**Assigned task:** Write out the entries below exactly, but only from the line containing "Apartamento Planta Baja" through the line containing "Портрет улыбающегося взрослого мужчины.", and without the pictures.

===== Exercise materials =====

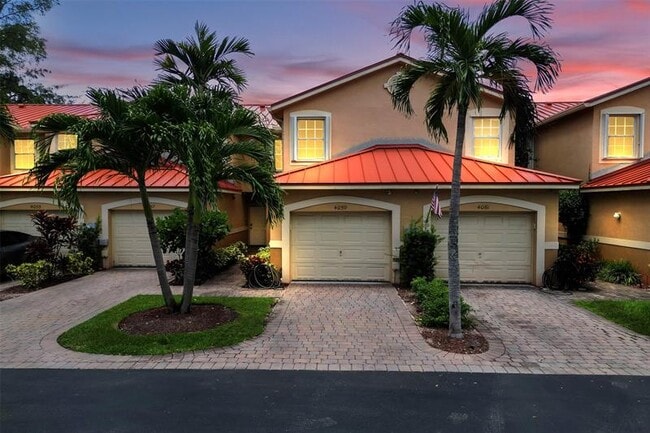 Building Photo - 4059 Crystal Lake Dr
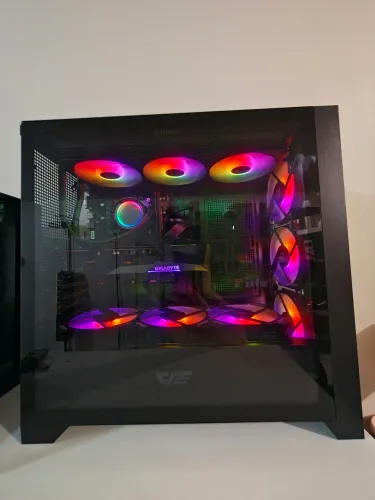 PC GAMER RYZEN 5 5500 32GB DDR4 RX 7600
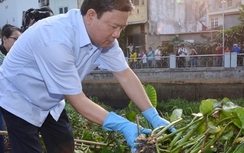 Bí thư Thăng cùng thanh niên vớt lục bình dọn kênh rạch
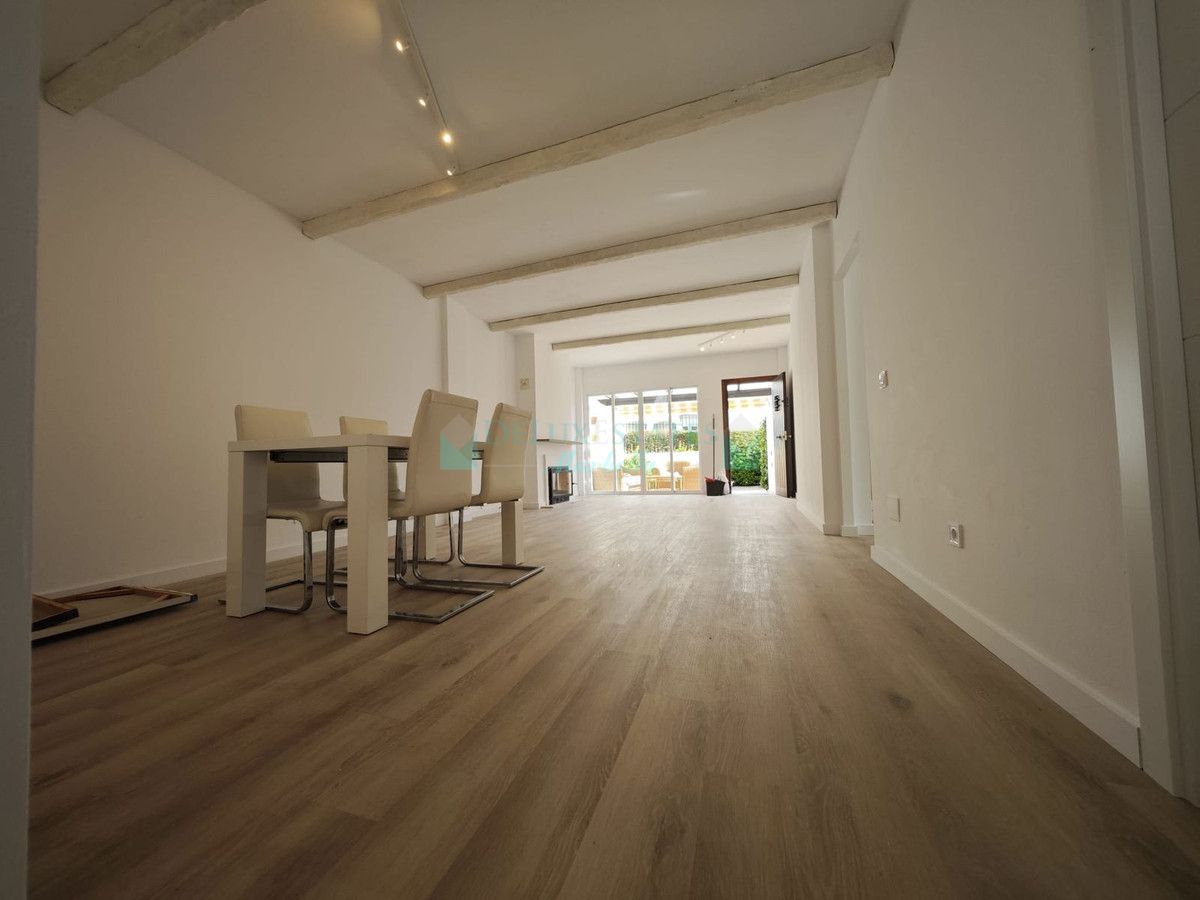 Apartamento Planta Baja en venta en Benamara, Estepona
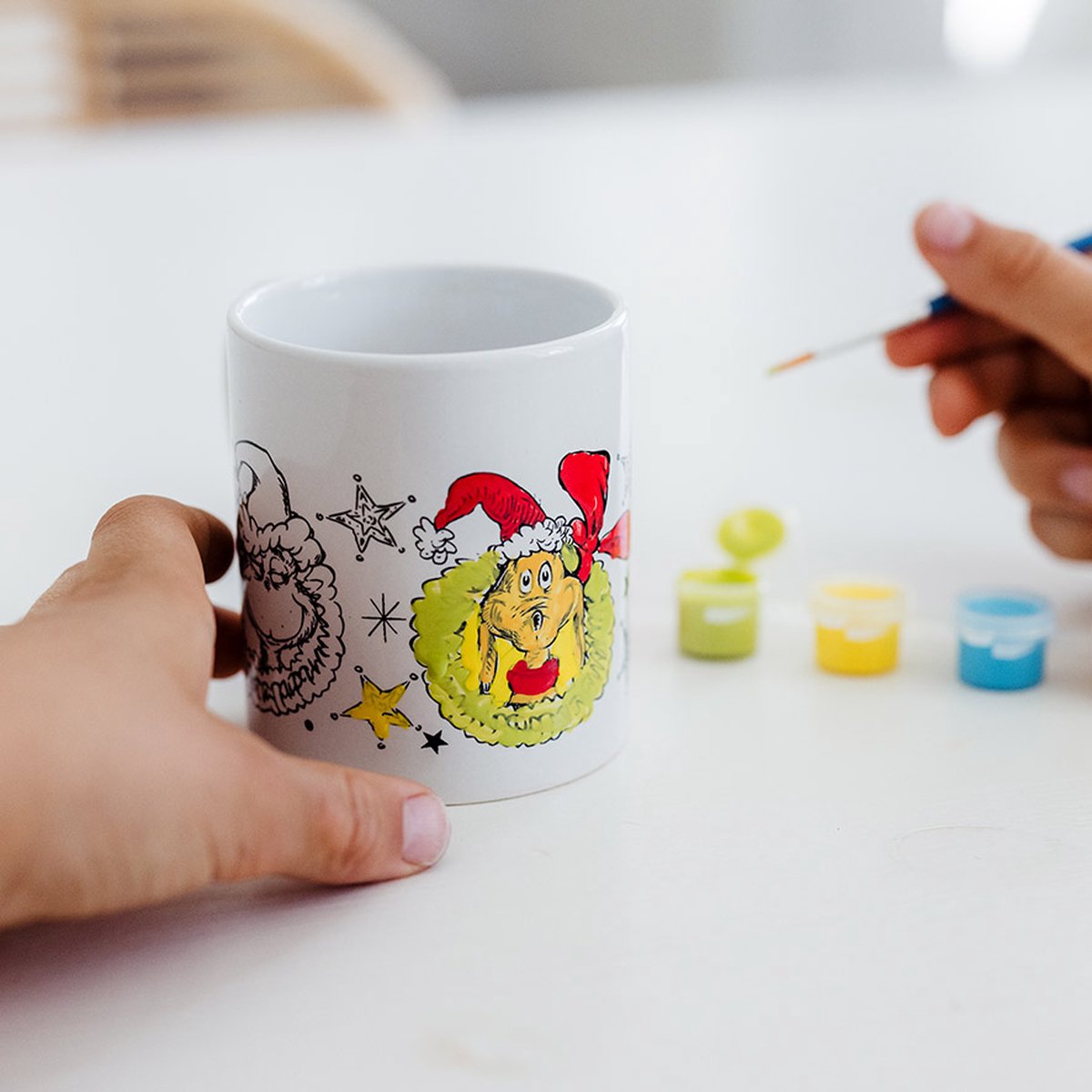 The Grinch Keramieken mok beschilderen - Met 5 kleuren verf en penseel - Speelgoed Kinderen - Knutselen - Voor meisjes en jongens - Vanaf 5 jaar - Totum — afbeelding 5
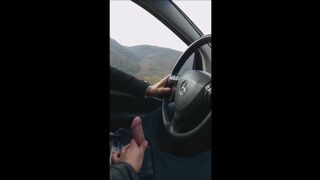 Apu kocsijában meg kell dugnom anyu lotyó barátnőjét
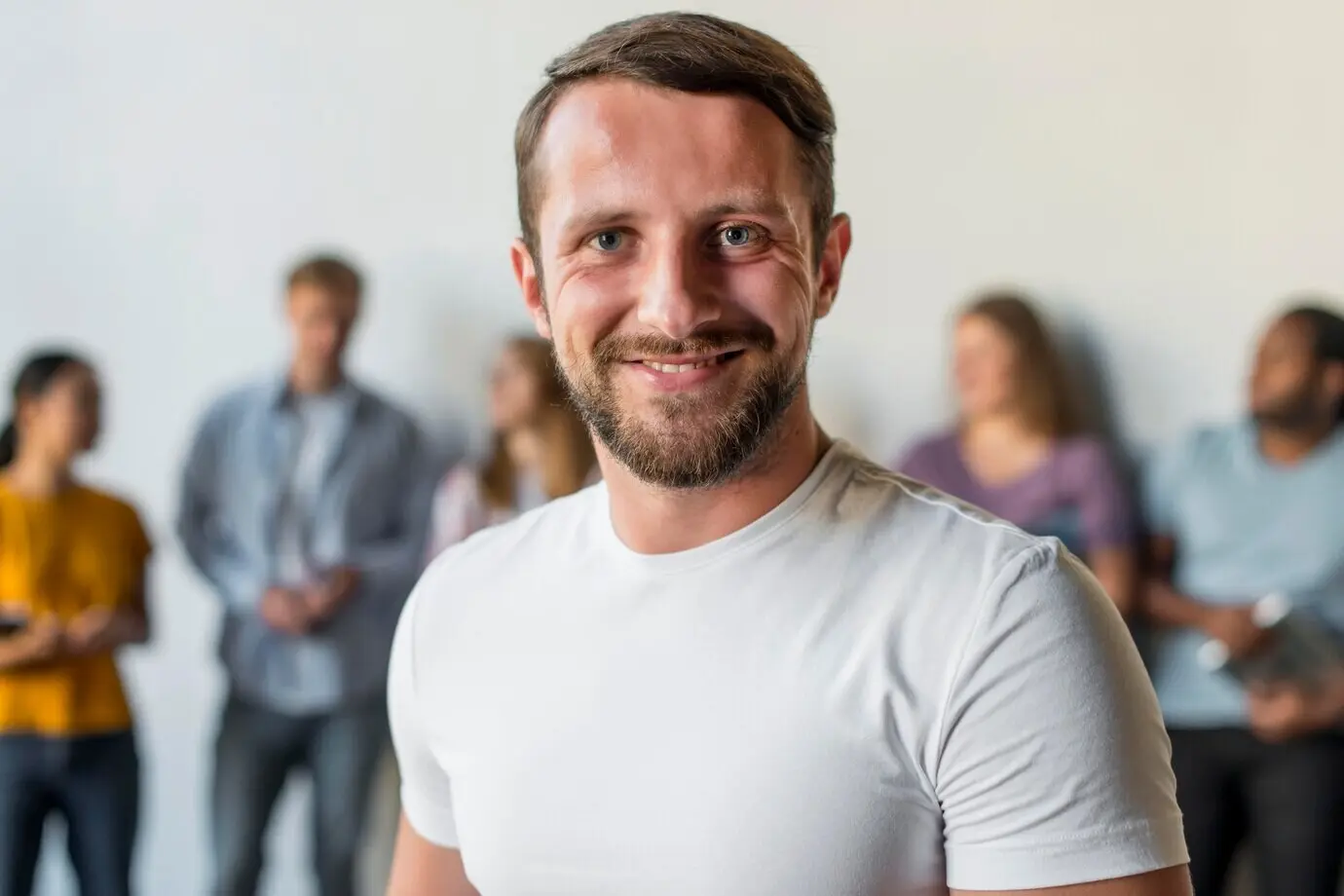 Портрет улыбающегося взрослого мужчины.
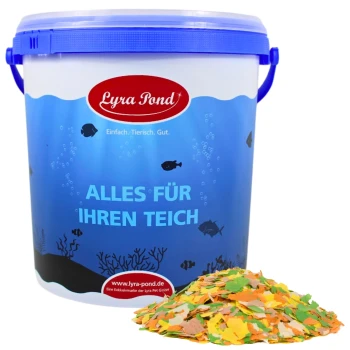 Ein blauer und weißer Eimer mit der Aufschrift "Lyra Pond" und dem Text "ALLES FÜR IHREN TEICH" steht neben einem bunten Haufen von Fischfutterflocken.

=====

**Answer section:**
 Apartamento Planta Baja en venta en Benamara, Estepona
 The Grinch Keramieken mok beschilderen - Met 5 kleuren verf en penseel - Speelgoed Kinderen - Knutselen - Voor meisjes en jongens - Vanaf 5 jaar - Totum — afbeelding 5
 Apu kocsijában meg kell dugnom anyu lotyó barátnőjét
 Портрет улыбающегося взрослого мужчины.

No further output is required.